TASK OBJECTIVE => All lines from the one containing "1/9 モンモデル レジン製 ホットライダー 未塗装・組立版 < ホビー 1/9" down to the final line of the entries below: return them exactly.

[Short web captions]
□ □ □ □ □

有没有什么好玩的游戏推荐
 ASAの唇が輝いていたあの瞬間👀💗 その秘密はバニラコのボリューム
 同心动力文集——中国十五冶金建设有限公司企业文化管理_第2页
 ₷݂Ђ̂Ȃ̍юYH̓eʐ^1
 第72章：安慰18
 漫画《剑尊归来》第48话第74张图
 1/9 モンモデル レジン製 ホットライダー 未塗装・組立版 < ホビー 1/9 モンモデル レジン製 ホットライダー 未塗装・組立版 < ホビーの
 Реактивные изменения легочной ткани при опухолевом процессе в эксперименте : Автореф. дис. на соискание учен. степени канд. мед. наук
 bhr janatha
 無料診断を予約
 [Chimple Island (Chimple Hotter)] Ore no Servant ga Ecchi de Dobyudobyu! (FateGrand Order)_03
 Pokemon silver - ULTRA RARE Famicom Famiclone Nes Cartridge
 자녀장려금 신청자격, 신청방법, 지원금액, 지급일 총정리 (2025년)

□ □ □ □ □

TASK SOLUTION =>
 1/9 モンモデル レジン製 ホットライダー 未塗装・組立版 < ホビー 1/9 モンモデル レジン製 ホットライダー 未塗装・組立版 < ホビーの
 Реактивные изменения легочной ткани при опухолевом процессе в эксперименте : Автореф. дис. на соискание учен. степени канд. мед. наук
 bhr janatha
 無料診断を予約
 [Chimple Island (Chimple Hotter)] Ore no Servant ga Ecchi de Dobyudobyu! (FateGrand Order)_03
 Pokemon silver - ULTRA RARE Famicom Famiclone Nes Cartridge
 자녀장려금 신청자격, 신청방법, 지원금액, 지급일 총정리 (2025년)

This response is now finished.